*** Data for review ***

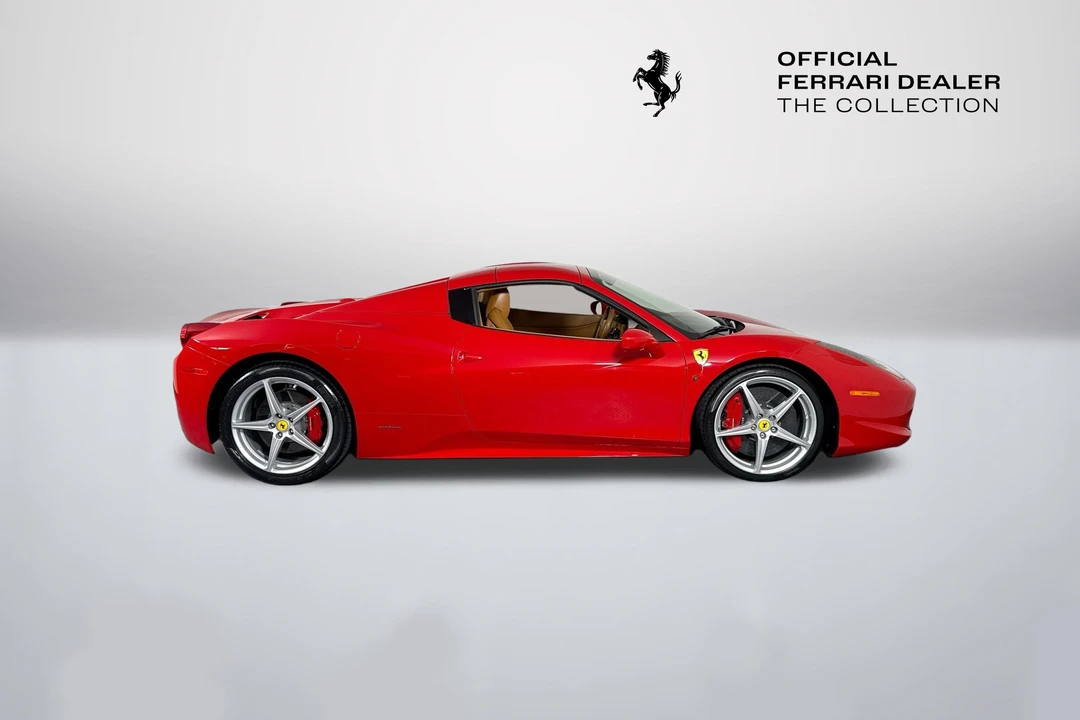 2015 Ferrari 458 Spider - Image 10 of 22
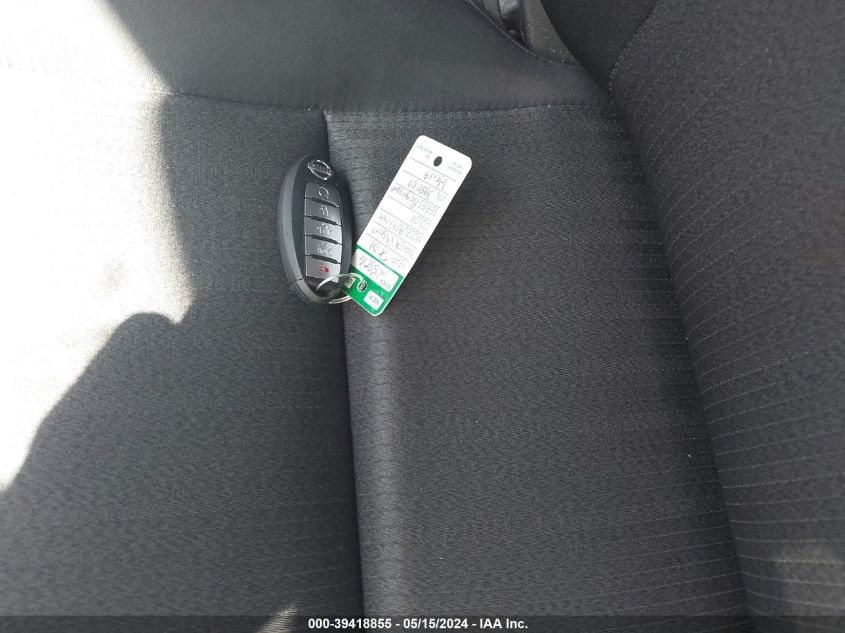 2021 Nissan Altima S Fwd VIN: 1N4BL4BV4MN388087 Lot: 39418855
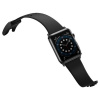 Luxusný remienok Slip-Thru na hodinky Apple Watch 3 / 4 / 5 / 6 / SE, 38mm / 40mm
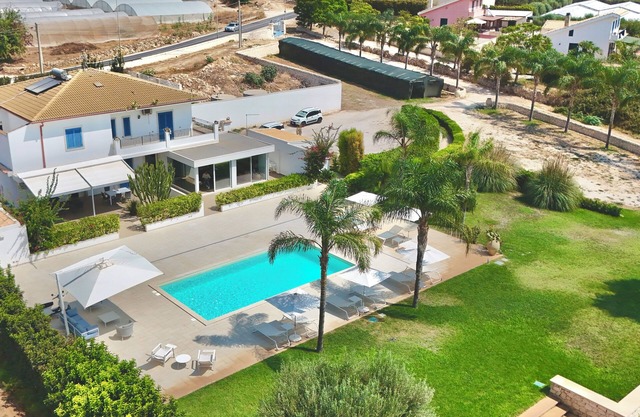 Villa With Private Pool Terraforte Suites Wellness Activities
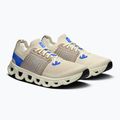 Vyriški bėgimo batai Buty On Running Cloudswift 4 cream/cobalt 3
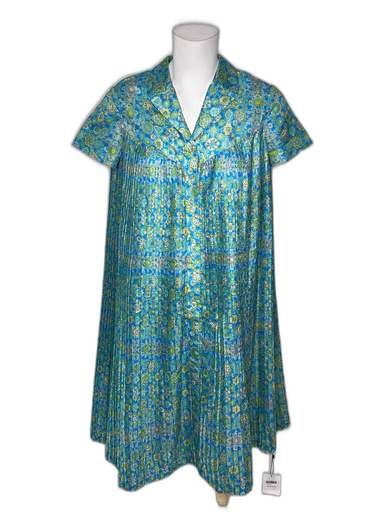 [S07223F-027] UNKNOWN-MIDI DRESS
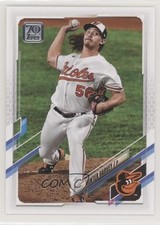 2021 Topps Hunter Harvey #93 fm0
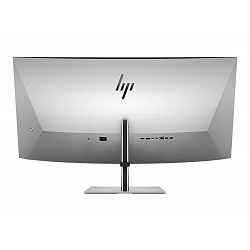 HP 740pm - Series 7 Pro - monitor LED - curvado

*** End of Data for review ***

What you need to do: Omit the pictures, then extract verbatim only those lines that fall between the line containing "Luxusný remienok Slip-Thru" and the final line of the records above, both included.

Solution to the exercise:
 Luxusný remienok Slip-Thru na hodinky Apple Watch 3 / 4 / 5 / 6 / SE, 38mm / 40mm
 Villa With Private Pool Terraforte Suites Wellness Activities
 Vyriški bėgimo batai Buty On Running Cloudswift 4 cream/cobalt 3
 [S07223F-027] UNKNOWN-MIDI DRESS
 2021 Topps Hunter Harvey #93 fm0
 HP 740pm - Series 7 Pro - monitor LED - curvado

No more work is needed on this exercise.